* TO DO
Beneath this task are records; tally the lines in them that contain "Free" and report only the number.

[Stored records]
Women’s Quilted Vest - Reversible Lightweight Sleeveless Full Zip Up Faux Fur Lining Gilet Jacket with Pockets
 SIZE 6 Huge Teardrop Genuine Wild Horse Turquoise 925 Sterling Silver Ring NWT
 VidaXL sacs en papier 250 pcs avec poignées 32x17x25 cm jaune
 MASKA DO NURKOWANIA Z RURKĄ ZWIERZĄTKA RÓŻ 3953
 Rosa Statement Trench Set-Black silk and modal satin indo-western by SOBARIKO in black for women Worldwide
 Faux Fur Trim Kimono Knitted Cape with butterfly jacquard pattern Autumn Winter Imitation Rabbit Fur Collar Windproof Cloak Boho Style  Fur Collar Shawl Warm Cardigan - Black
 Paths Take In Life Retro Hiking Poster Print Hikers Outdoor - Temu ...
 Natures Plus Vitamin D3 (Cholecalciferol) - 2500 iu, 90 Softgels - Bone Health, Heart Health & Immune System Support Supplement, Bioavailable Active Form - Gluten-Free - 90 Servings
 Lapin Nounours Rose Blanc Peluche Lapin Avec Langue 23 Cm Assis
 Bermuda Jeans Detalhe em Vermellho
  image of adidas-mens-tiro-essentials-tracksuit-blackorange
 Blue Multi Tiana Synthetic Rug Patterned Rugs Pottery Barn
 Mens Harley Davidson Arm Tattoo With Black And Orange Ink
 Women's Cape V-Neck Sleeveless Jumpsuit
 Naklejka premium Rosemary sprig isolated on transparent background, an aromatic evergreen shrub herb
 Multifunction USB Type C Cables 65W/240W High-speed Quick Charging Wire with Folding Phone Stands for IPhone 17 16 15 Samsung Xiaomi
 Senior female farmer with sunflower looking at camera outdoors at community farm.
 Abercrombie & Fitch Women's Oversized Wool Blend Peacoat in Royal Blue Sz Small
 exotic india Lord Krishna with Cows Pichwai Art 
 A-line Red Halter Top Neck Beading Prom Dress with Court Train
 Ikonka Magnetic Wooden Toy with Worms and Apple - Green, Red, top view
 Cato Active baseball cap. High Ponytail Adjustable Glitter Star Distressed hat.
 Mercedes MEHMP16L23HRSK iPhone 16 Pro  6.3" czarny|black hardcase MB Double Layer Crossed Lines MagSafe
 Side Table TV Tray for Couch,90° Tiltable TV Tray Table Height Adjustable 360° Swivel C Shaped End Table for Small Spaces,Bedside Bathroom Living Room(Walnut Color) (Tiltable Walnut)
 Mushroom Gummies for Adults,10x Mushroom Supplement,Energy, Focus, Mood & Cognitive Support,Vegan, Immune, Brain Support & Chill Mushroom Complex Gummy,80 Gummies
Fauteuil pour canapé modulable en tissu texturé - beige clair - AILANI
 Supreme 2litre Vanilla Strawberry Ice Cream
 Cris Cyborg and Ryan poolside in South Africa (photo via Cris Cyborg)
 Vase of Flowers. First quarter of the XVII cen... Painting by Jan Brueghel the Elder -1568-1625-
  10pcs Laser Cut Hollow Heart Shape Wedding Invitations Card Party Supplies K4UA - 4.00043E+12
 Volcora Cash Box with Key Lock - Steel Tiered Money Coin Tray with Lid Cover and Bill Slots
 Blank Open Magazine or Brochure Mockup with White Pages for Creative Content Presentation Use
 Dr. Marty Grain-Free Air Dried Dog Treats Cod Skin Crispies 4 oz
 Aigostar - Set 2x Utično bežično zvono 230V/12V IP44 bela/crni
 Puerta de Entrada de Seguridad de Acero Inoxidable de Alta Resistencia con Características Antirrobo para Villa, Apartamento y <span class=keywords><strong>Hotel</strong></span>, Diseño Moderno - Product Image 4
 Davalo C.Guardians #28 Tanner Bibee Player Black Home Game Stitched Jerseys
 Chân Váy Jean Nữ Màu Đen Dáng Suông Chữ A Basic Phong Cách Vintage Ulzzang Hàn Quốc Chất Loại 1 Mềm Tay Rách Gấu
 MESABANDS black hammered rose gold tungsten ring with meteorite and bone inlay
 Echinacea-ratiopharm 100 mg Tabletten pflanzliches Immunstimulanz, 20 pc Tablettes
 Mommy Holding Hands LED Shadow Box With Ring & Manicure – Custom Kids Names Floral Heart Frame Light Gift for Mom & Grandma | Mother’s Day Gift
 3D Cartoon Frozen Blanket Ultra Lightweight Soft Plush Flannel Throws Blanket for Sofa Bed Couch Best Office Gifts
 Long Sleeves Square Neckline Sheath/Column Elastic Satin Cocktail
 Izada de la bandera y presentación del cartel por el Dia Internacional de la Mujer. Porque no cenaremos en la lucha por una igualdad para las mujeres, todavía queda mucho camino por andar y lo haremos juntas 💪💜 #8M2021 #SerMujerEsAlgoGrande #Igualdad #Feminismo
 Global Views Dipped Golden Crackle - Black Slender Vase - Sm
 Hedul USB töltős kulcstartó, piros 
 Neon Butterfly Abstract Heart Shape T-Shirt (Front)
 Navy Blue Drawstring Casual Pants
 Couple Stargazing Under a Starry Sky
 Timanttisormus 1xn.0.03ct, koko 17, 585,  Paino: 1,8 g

* YOUR RESPONSE
2